The gender identity movement, she said, stole a comprehensive name for the group of people she fights for because it is now "transphobic" to label them "women" and "girls."
"What we are seeing is the legal erasure of the material reality of sex and this redefinition of sex as a set of, in my opinion, odious sex role stereotypes you identify with," she added.
When Singleton began speaking out against gender identity statutes, she told those in attendance, she endured vitriolic threats, a letter writing campaign, and boycotts. Some even wrote to her licensing board to get her nursing license revoked since she committed the "hate crime" of "refusing to honor the preferred pronouns of a serial child rapist."
"This is a railroading of complete insanity," Singleton asserted. "For some reason I have friends on the left who will go on and on telling me that sex is just a social construct, it doesn't really exist. But for some reason, if they want to have backyard eggs they know to just get hens."
Kami Mueller, communications director for the North Carolina Republican Party who was instrumental in defending the controversial HB2 law in that state, noted that the man who spearheaded the city of Charlotte's push to craft a gender identity ordinance opening up women's bathrooms to men identifying as women, is himself a registered sex offender.
"Our whole state has been branded in a negative light simply because our former governor, Governor Pat McCrory, our state legislature and our awesome lieutenant governor Dan Forest have fought to protect women like me, little girls like my nieces from Charlotte," Mueller said.
North Carolina's current governor, Roy Cooper, a Democrat, has recently proposed a repeal of HB2, she said.
"It's essentially a 'Look but don't touch' [bill] ... [he] is trying to make voyeurism legal, essentially," she continued.
Singleton urged conservative allies not to fight this only on religious freedom grounds, while acknowledging the validity of First Amendment arguments, but on the basis of reason. With gender identity laws and the alarming normalization of sex changes and gender transitions today, where sometimes young people are taking bone-destroying hormone suppressants, "children are being sterilized, and it absolutely is eugenics that is happening," Singleton said.
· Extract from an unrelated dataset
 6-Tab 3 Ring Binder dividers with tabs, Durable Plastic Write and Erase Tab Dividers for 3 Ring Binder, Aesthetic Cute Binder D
"We need to be calling this out as an atrocity, as a human rights violation, and as something completely unreasonable," she emphasized.
The Christian Post asked the panel how they might respond to the most common argument many make in protest of policies opening up bathrooms to men identifying as women: that pedophiles will exploit such laws to prey on children.
"I feel like there's going to be this pre-set form of talking points [people] are going to throw at you regardless, but that argument breaks down real quick when you talk about TSA at the airport," said Kaeley Triller Haver, a fellow panelist who is herself a sex abuse survivor and a former YMCA staffer who has conducted many predator screenings in locker rooms throughout her career.
"There's already law that prevents people from hijacking an airplane. So I guess it's doing its job and we don't need to go through security clearance," she mused sarcastically. "You know, because if anything bad happens you can call the police. I mean, it's just nonsense."
The most vital dimension of any of safety plan is prevention, she added, "and when you blur that line and prohibit women from speaking up in their own defense and you normalize the presence of males in their spaces you're removing that front line of policing."
Singleton added: "If we lose this fight as women, we lose everything."